How to Handle the Four Most Common Road Emergencies
May 13, 2011
Filed under Motorcycle Features: Bikes, Blokes, Culture and Beyond
You’re on a sport-touring journey and suddenly your bike has a problem. You’re dead in the water. What to do? Fortunately, the four most common road emergencies can usually be prevented by regular inspection and maintenance, but here’s what to do when that doesn’t work.
Out of Gas
Run out of gas on tour and you’ll need a donor bike and a transfer device. To siphon, the fuel level in the donor bike must be higher than the level it will reach in the recipient bike; place the donor bike on a curb or rise. Carry a siphon hose, at least three feet of flexible, transparent hose that is easy to coil and stow under a seat or in a fairing pocket. Get one with a squeeze bulb and you won’t need to undergo the potentially disgusting ritual of siphoning raw gas with your mouth.

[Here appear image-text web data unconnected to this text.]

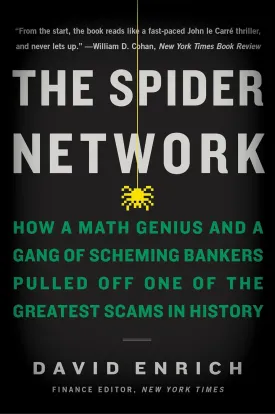 The Spider Network: How a Math Genius and a Gang of Scheming Bankers Pulled Off One of the Greatest Scams in History Paperback  March 6, 2018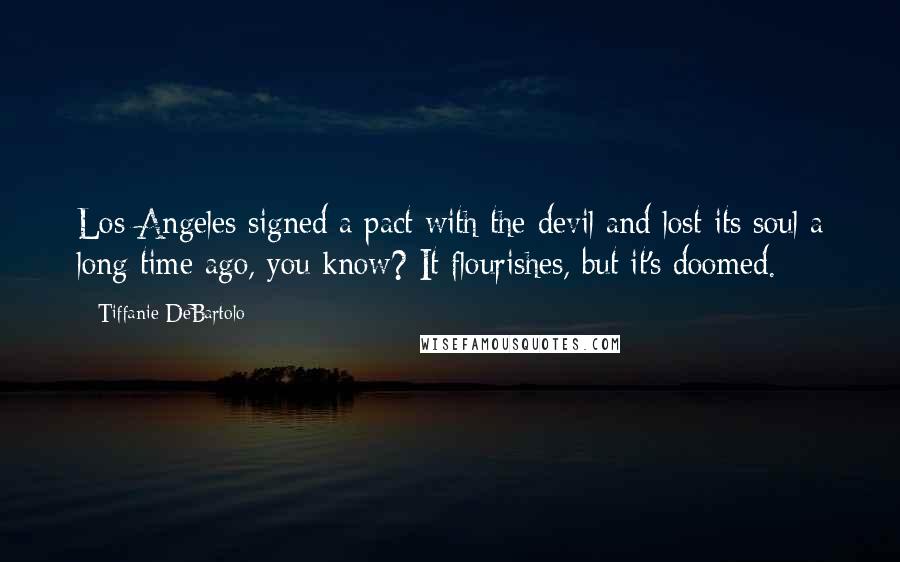 Tiffanie DeBartolo Quotes: Los Angeles signed a pact with the devil and lost its soul a long time ago, you know? It flourishes, but it's doomed.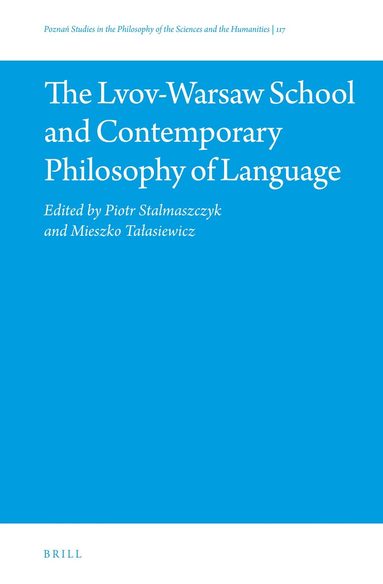 Piotr Stalmaszczyk - Lvov-Warsaw School and Contemporary Philosophy of Language, Inbunden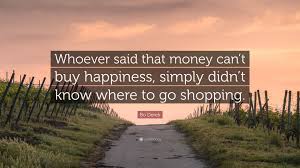 Always borrow money from a pessimist. Bo Derek Quote Whoever Said That Money Can T Buy Happiness Simply Didn T Know Where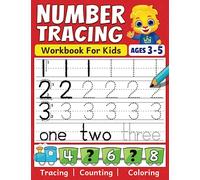 Number Tracing Workbook: Color, Count & Trace Numbers For Toddlers, Preschool, and Kindergarten Kids Ages 3 - 5 | Beginners Math Activity Book For Preschoolers & Kindergarteners
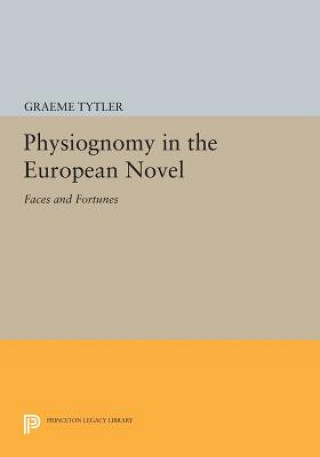 Kniha Physiognomy in the European Novel Graeme Tytler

To avoid mouth siphoning immerse the hose deep into the donor bike’s fuel supply, cap the other end with your thumb and begin to slowly draw out the hose and lower it into the recipient bike’s fuel tank. Remove your thumb once the level of fuel in the hose drops below the top level of the fuel in the donor bike (that’s why a transparent hose is best), and the fuel will begin to flow.
If this is not possible, drain fuel into whatever is handy, such as a beverage container, sidecover or tool tray by removing a fuel line and turning on the petcock. This may not be possible if the donor bike has a vacuum-flow system. Rinse the container thoroughly with gasoline, and be certain ol’ Jimbo ain’t lightin’ up during this procedure.
Tools: Siphon hose
Prevention: Check the gauge, dummy! Zero your bike’s trip odometer when you fill up, and it will show the elapsed mileage.
Establish whether your bike has tube or tubeless tires. For the past 20 years or so, most bikes with cast wheels have carried tubeless tires, while most with wire spoke wheels have had tube-type. If it’s a tube-type, you’ll have to “break the bead,” pull the tire away from the wheel (pack tire irons) far enough to expose the puncture in the tube. This may mean removing the wheel from the bike. Roughen the area around the puncture with the tool supplied in the patch kit and apply cement. Wait momentarily till the glue becomes tacky, and apply the patch.
For a tubeless tire, it’s only necessary to remove the nail and insert the tool from the patch kit to enlarge and roughen the hole. Cover a plug with cement and insert. Cut off excess and add air. The three methods of doing so are with CO2 cartridges, an electrical pump that runs off the battery, and a hand pump.
Tools: Toolkit, tire patch kit, tire irons, air supply
Prevention: Inspect tire tread frequently for depth and foreign objects, and check pressure regularly. The last 10 percent of tire life results in 90 percent of the problems.
Suddenly the oil light comes on. You’re a quart low—oops! Rodney has a quart along, but your bike runs that expensive 20W-50 synthetic bike oil and his is 40W cheapo car oil. Can you mix them?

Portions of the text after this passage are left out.